[[ RECORDED DATA, beginning ]]
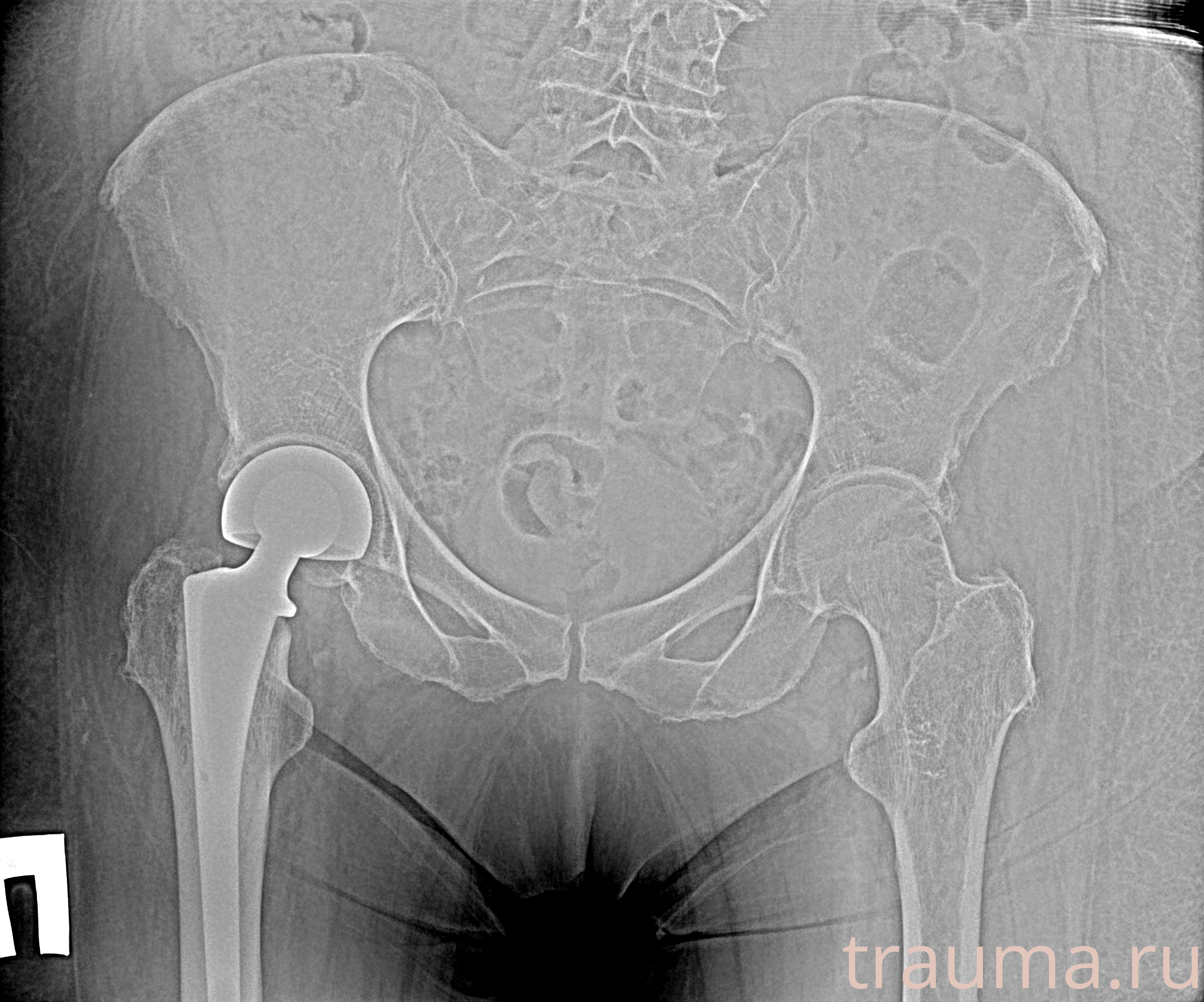 Рентген на дому: по вашему адресу приезжает врач-рентгенолог, травматолог-ортопед с мобильным рентгеновским аппаратом, проводит диагностику травмы или заболевания, делает необходимые рентгенограммы, дает рекомендации по дальнейшему лечению. Получить качественные снимки в домашних условиях возможно благодаря уникальной методике, разработанной МосРентген Центром для института  Склифосовского
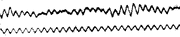 1st-eeg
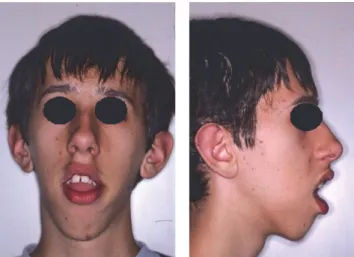 Figure 1: Front and lateral photographs of the patient at the time of the first visit.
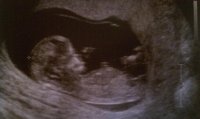 Baby! 12 W 4.jpg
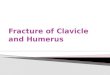 Fracture of Clavicle and  Humerus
[[ RECORDED DATA, end ]]
DIRECTIONS
Would you please repeat the lines above exactly, from the first line of the listing through the line holding "Baby! 12 W 4.jpg", with nothing added and no pictures?

TASK OUTPUT
 Рентген на дому: по вашему адресу приезжает врач-рентгенолог, травматолог-ортопед с мобильным рентгеновским аппаратом, проводит диагностику травмы или заболевания, делает необходимые рентгенограммы, дает рекомендации по дальнейшему лечению. Получить качественные снимки в домашних условиях возможно благодаря уникальной методике, разработанной МосРентген Центром для института  Склифосовского
 1st-eeg
 Figure 1: Front and lateral photographs of the patient at the time of the first visit.
 Baby! 12 W 4.jpg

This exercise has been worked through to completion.